I cannot imagine how I would try to talk someone out of suicide. I would be so afraid of saying the wrong things, so afraid to fail and come face to face with suicide. Kevin Briggs has talked more than two hundred people out of jumping off the Golden Gate Bridge in San Francisco, California. And now that he has retired, he is still fighting the good fight.

In his TED Talk, Kevin Briggs talked about some of the people he spoke to on the Golden Gate Bridge. He spoke of Kevin Berthia, with whom he spoke on the bridge for an hour and a half. Thankfully, Kevin decided to come back over the rail of the bridge. Kevin Briggs also told the tragic story of Jason Garber. After talking to Kevin Briggs and other patrol officers about his hopelessness, Jason went off the bridge and was gone.

What was perhaps most helpful in Kevin Briggs’s TED Talk was his simple but powerful advice on how to talk to someone who is suicidal. “It’s not just the talking that you do, it’s the listening. Listen to understand. Don’t argue or blame or tell the person you know how they feel. By just being there, you may be the turning point that they need. Also, if you think someone is suicidal, don’t be afraid to confront them. One way of asking them the question is like this: ‘Others in similar circumstances have contemplated ending their life. Have you had those thoughts?’ Other signs to look for are hopelessness, helplessness, recent social withdrawal, and loss of interest in life.”

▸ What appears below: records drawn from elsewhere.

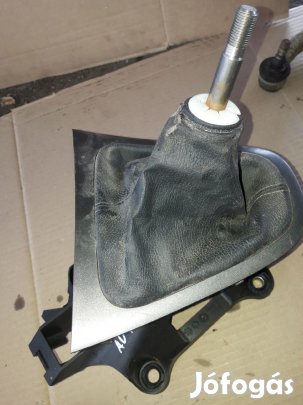 Toyota Auris Váltó Kulissza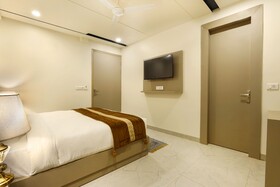 Opo Hotel Dior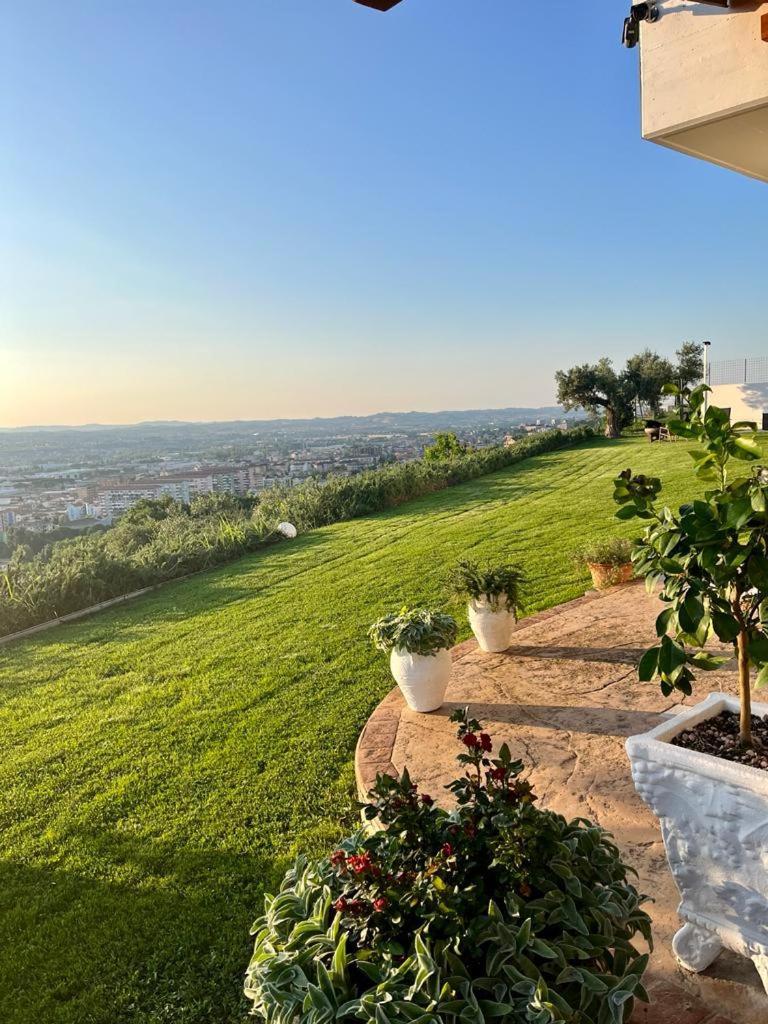 Mirabel Apartment Chieti Ngoại thất bức ảnh
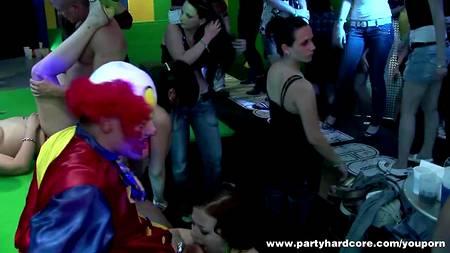 Стриптизеры понравились развратным нимфочкам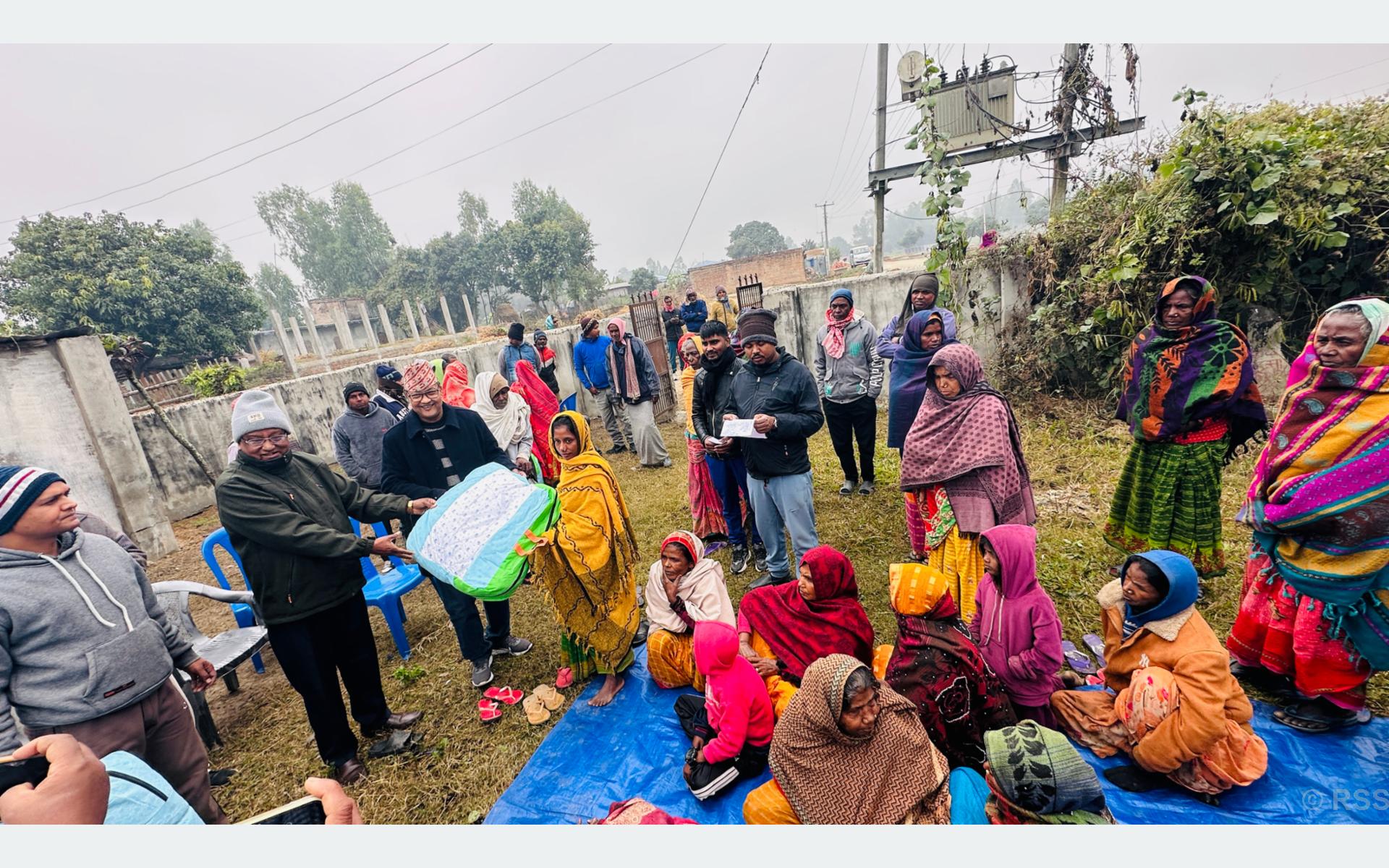 सात सय विपन्न परिवारलाई सिरक वितरण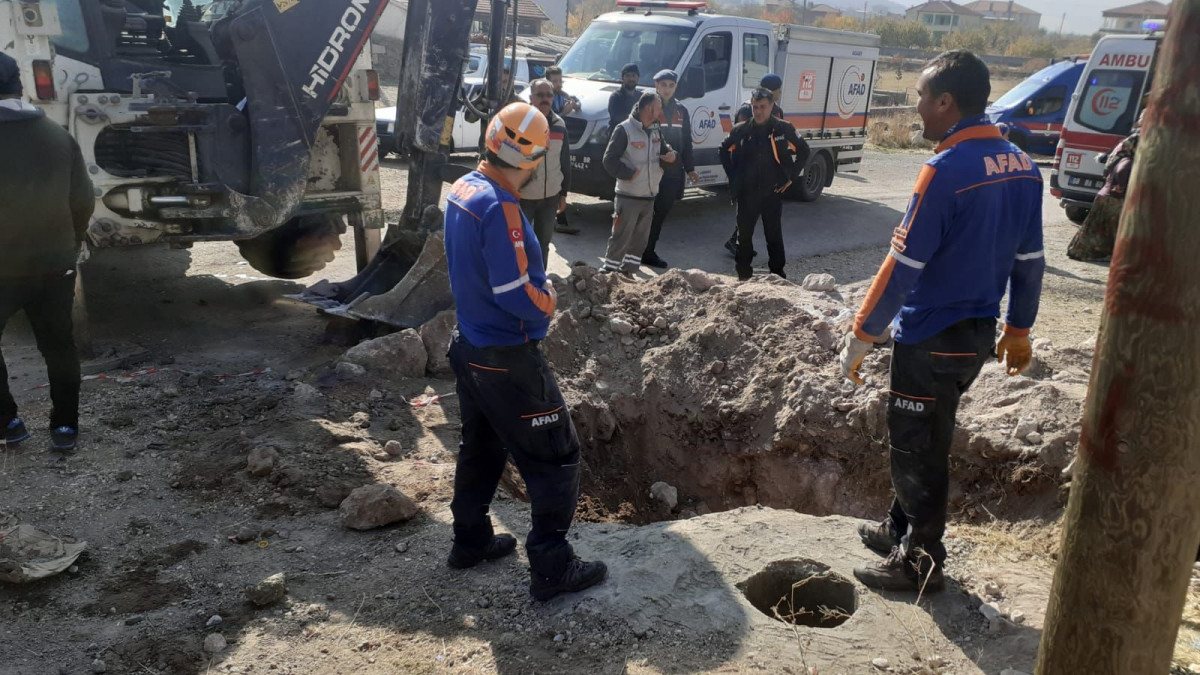Aksaray’da 2 metrelik elektrik çukuruna düşen Eren kurtarıldı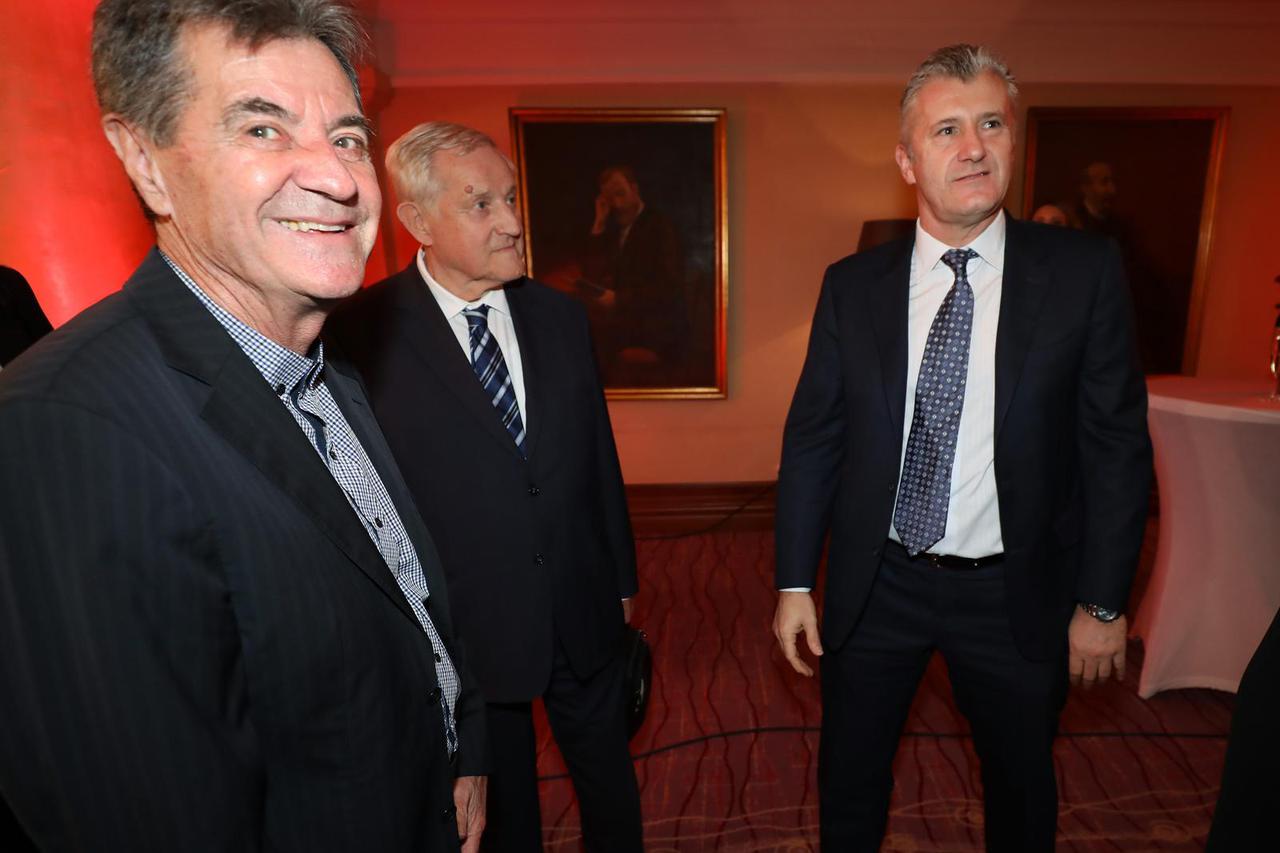 Zagreb: Humanitarno-donatorska večera zaklade Vatreno srce u hotelu Westin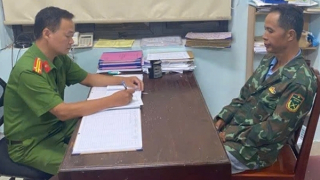 Khởi tố đối tượng đang điều trị cai nghiện ma túy vẫn dùng heroin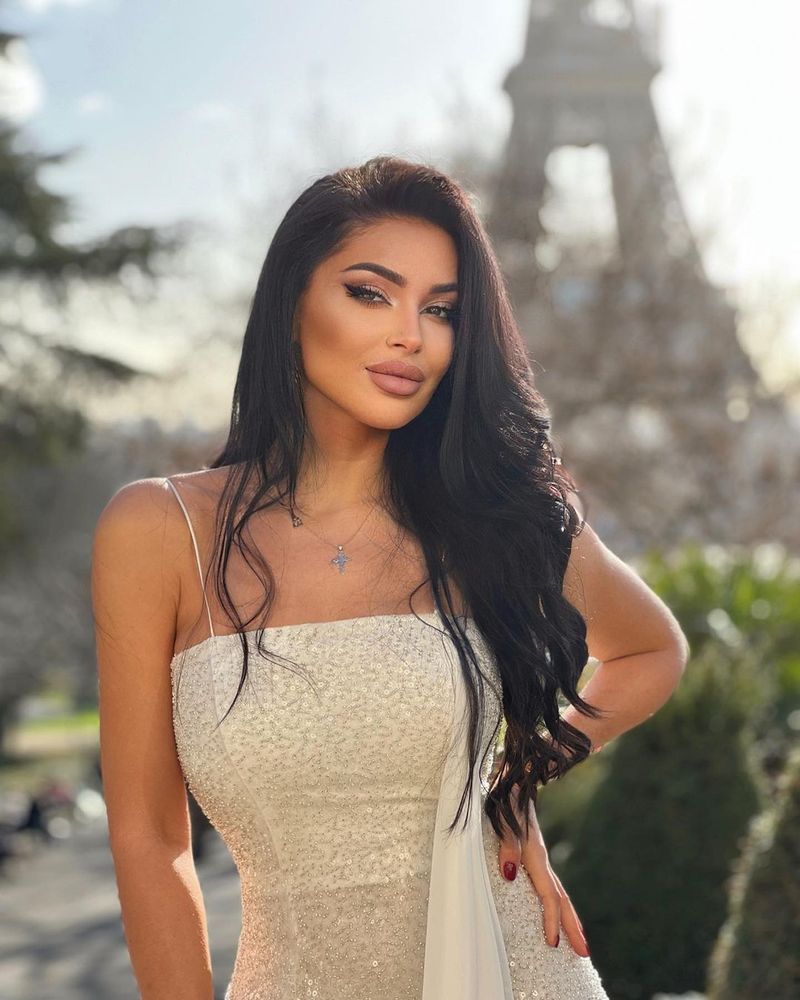 Cine este Elena Ionescu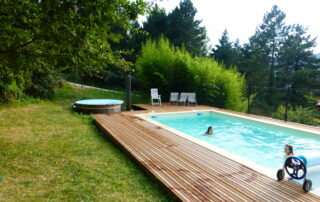 Piscine aux Chalets d'Arbres à Darbres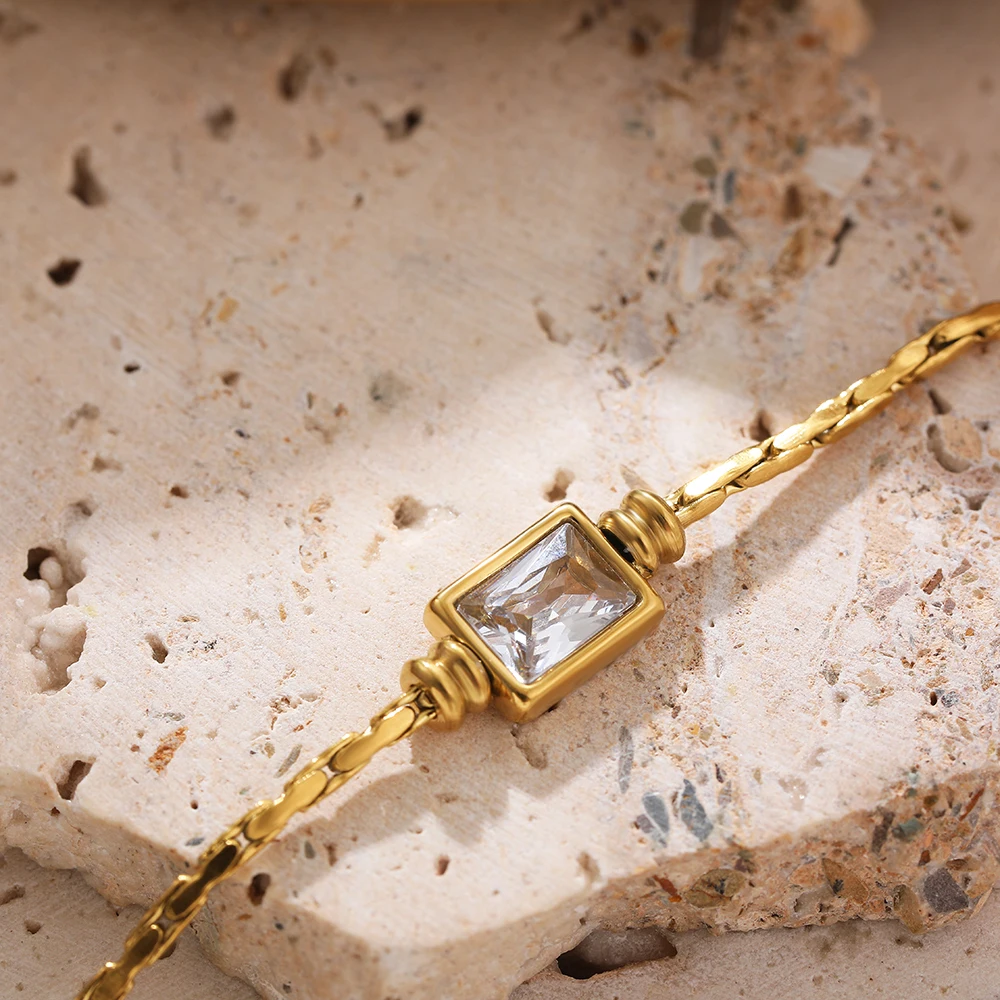 vintage hiphop 18k plaqué or carré cristal bange bracelet pour femmes en acier inoxydable étanche brillant zircon bracelets bijoux vintage hiphop 18k plaqué or carré cristal bange bracelet pour femmes en acier inoxydable étanche brillant zircon bracelets bijoux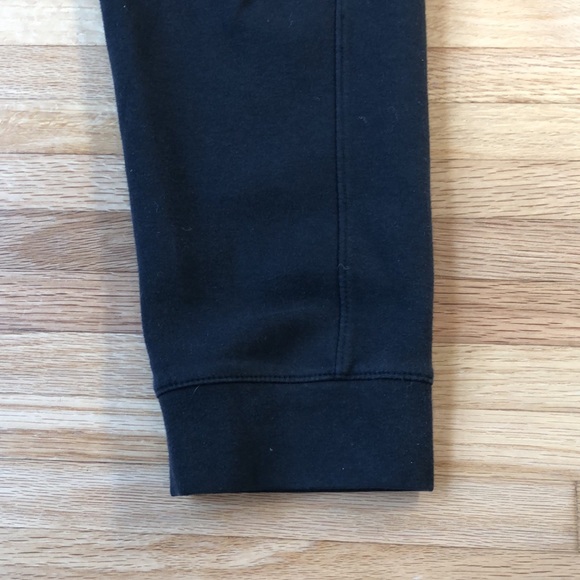 Old Navy - $6 - Picture 3 of 8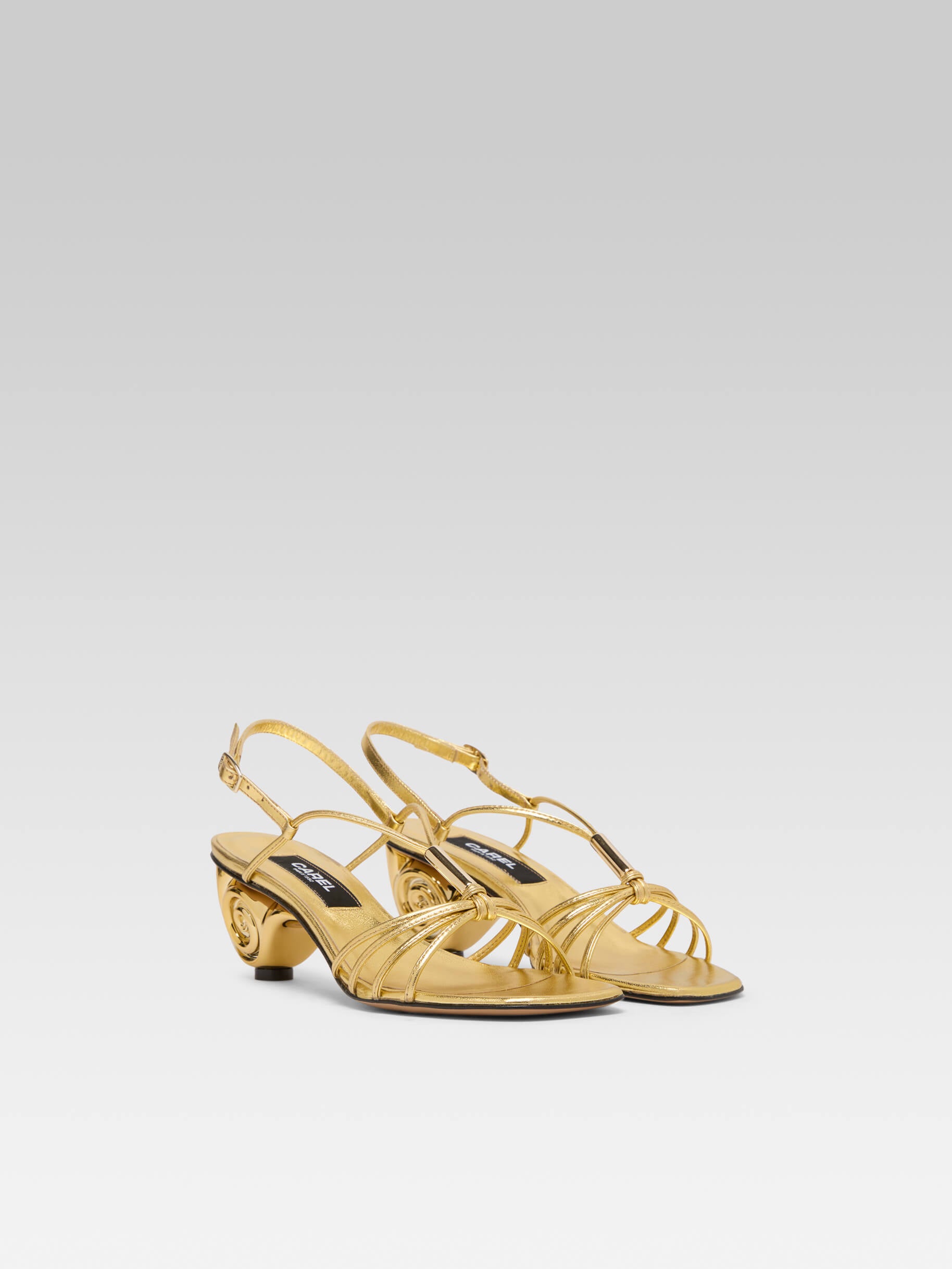 Sirene - Sandales cuir laminé or talon coquillage - Image numéro 5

This TED Talk was entitled The Bridge Between Suicide and Life. If we are ever faced with that situation, Kevin Briggs encourages us to become that bridge. Hopefully, by simply listening to understand, we can be the bridge that helps a friend cross from suicide to life.

(This post is dedicated to a friend who was lost to suicide in 2013. Yesterday was her birthday. She is sorely missed.)